On Fri, Aug 30, 2013 at 12:19:43AM +0100, Eduardo Valentin wrote:
> Mark, Pawel and Stephen,
>
>
> On 27-08-2013 14:17, Eduardo Valentin wrote:
> > On 27-08-2013 12:23, Mark Rutland wrote:
> >> On Tue, Aug 27, 2013 at 02:44:40PM +0100, Eduardo Valentin wrote:
> >>> Hello Mark,

Hi, sorry for the delay.

>
> <cut>
>
> I believe now we need to align on thermal bindings, before I propose
> next version of this series. So, following the discussions on this
> thread, I believe a typical CPU thermal zone would look like the following:
> + #include <dt-bindings/thermal/thermal.h>
> +
> + cpu_thermal: cpu_thermal {
> + passive-delay = <250>; /* milliseconds */
> + polling-delay = <1000>; /* milliseconds */

I'm still not keen on placing these intervals in the dt. Why can the
kernel not choose sensible values?

> + /*
> + * sensor ID
> + */
> + sensors = <&bandgap0 0>;
> + /*
> + * cooling
> + * device Usage Trip lower
> bound upper bound
> + */
> + cooling-devices = <&cpu0 100 &cpu-alert
> THERMAL_NO_LIMITS THERMAL_NO_LIMITS>;

I'm not sure it makes sense to group this data within a property. We
might need to extend this in future and it might not be possible to
extend this unambiguously. It may make more sense as a sub-node or
collection of properties.

> + trips {
> + cpu-alert: cpu-alert {
> + temperature = <100000>; /* milliCelsius */
> + hysteresis = <2000>; /* milliCelsius */
> + type = <THERMAL_TRIP_PASSIVE>;
> + };
> + cpu-crit: cpu-crit {
> + temperature = <125000>; /* milliCelsius */
> + hysteresis = <2000>; /* milliCelsius */
> + type = <THERMAL_TRIP_CRITICAL>;
> + };
> + };
> + };

How do the upper and lower bounds in the cooling-devices property
interact with temperatures described in the trips node?

>
> *Note: THERMAL_NO_LIMIT means, it will be using the cooling device
> minimum and maximum limits.

I'm confused what are the cooling device min and max limits? Where are
they defined if not in the lower bound and upper bound entries of the
cooling-devices property?

>
> Couple of comments.
> 1. I am keeping the pooling intervals. A possible alternative way to
> describe that would be specifying the maximum dT/dt. Essentially because
> I am still convinced that this is part of hw specs.

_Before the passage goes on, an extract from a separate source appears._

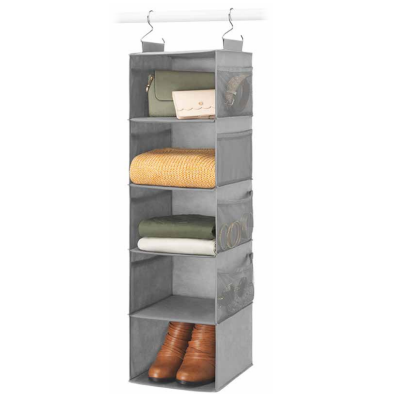 Estante Colgante Whitmor 5 Niveles Con Bolsillos De Malla Gris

I still don't see why it's not possible to do this dynamically. I am not
entirely convinced this is part of the hw spec.

>
> 2. The above follows your suggestion to use consumer pointing to
> producers. Although, I still need to figure out how this could be
> implemented for Linux. But I think that is another story, at least for
> now. We need to first align on the DT binding itself.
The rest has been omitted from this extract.